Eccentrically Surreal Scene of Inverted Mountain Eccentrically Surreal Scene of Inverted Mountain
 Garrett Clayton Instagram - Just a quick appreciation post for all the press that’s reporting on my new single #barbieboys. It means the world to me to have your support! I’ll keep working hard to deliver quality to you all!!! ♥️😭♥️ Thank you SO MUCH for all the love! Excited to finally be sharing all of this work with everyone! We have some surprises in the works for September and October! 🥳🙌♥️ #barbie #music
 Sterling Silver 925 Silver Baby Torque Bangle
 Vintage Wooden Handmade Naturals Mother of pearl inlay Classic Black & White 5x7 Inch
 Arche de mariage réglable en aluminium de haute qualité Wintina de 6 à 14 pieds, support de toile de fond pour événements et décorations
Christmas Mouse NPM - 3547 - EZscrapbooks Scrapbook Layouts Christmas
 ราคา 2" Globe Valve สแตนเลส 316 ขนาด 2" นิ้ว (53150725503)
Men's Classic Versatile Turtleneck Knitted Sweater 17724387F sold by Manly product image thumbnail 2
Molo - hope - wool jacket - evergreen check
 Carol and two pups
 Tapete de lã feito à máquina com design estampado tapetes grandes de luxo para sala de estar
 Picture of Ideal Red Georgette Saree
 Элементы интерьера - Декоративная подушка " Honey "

§ WHAT TO WORK ON:
What you return should match, exactly, the stretch of the listing above that runs from the line with "Picture of Ideal Red Georgette Saree" to its last line.

§ RESULT OF THIS TASK:
 Picture of Ideal Red Georgette Saree
 Элементы интерьера - Декоративная подушка " Honey "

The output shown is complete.